Posted Jul 2, 2017 by Tim Sandle
With the aim of bringing the Internet to remote parts of the world, Facebook has successfully tested out a solar powered drone called Aquila.
The Aquila drone  being tested by Facebook. Aquila’s wingspan is wider than a Boeing 737  but it w...
The Aquila drone, being tested by Facebook. Aquila’s wingspan is wider than a Boeing 737, but it weighs less than 455 kg (1,000 pounds). To stay aloft, Aquila’s solar panels collect power during the day and stores enough in a battery for the dark hours.
Aquila was tested out in a remote part of Arizona, where it successfully flew for 106 minutes. The drone spent most of the time at an altitude of 3,000 feet (Facebook ultimately plans to have the drone fly at far higher height, of 60,000 feet, which is considered optimal for Internet beaming). The launch, flying and safe landing of the drone was successful, unlike previous test where the drone crashed after a short period in flight.
The reason why the drone is being tested is help make the world an interconnected space. As Facebook's Martin Luis Gomez and Andrew Cox state: "Today 1.6 billion people live in regions that don't have access to a mobile broadband network. Connecting these remote parts of the world with existing technologies such as buried optical fiber or microwave links on towers is often cost-prohibitive."
To overcome such obstacles, Facebook is designing what will become a fleet of solar-powered aircraft called Aquila. When fully operational, these high-altitude drones will remain airborne for up to 90 days at a time. In flight the craft will beam broadband coverage to a 60-mile-wide area on the ground.
Aquila facts:
Aquila has a wingspan wider than a Boeing 737.
The craft is lighter than 1,000 pounds.
It uses just about 5,000 W of power at cruising altitude, with the power collected by solar panels.
The craft can fly up to 80 miles per hour.
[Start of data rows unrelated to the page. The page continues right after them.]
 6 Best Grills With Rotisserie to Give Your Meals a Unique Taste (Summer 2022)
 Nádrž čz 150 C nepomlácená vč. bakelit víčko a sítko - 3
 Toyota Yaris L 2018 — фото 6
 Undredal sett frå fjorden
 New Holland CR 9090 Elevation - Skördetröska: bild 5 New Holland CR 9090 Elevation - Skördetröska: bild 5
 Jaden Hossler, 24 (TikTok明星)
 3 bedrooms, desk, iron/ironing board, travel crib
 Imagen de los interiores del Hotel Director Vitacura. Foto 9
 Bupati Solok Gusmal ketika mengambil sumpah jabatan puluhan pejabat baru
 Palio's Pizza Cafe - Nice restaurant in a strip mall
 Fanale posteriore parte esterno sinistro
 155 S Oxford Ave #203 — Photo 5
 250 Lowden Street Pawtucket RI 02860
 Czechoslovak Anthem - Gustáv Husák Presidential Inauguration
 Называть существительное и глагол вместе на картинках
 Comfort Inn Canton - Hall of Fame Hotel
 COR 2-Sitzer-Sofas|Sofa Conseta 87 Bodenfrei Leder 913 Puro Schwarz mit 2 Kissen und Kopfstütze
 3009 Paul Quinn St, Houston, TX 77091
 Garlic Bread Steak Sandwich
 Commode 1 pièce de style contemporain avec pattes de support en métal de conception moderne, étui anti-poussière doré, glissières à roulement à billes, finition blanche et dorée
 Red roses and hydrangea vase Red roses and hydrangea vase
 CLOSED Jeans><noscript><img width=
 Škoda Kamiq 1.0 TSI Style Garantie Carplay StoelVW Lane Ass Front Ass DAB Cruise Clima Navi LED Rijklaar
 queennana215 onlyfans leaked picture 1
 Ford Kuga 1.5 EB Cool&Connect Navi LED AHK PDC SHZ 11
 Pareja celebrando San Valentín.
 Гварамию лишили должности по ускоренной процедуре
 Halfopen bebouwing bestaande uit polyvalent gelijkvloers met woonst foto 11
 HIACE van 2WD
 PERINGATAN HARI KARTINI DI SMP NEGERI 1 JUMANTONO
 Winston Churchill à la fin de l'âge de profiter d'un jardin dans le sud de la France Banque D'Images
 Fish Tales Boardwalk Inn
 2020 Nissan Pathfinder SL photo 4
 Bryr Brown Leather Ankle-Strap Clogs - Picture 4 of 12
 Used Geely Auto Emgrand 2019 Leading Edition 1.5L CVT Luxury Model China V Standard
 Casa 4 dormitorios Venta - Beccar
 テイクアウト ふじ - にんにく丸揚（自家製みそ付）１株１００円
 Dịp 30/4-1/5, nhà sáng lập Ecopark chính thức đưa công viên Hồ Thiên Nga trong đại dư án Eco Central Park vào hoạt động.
Aquila is designed to be operate at high, cold altitudes and lower, warmer altitudes.
According to Tech Crunch the purpose of the recent test launch was to gather data, specifically to help the Facebook's engineers to adjust the models they use to predict energy usage and optimize battery and solar system design. The flight was deemed as success, with Martin Luis Gomez telling the BBC the drone had suffered "a few minor, easily repairable dings".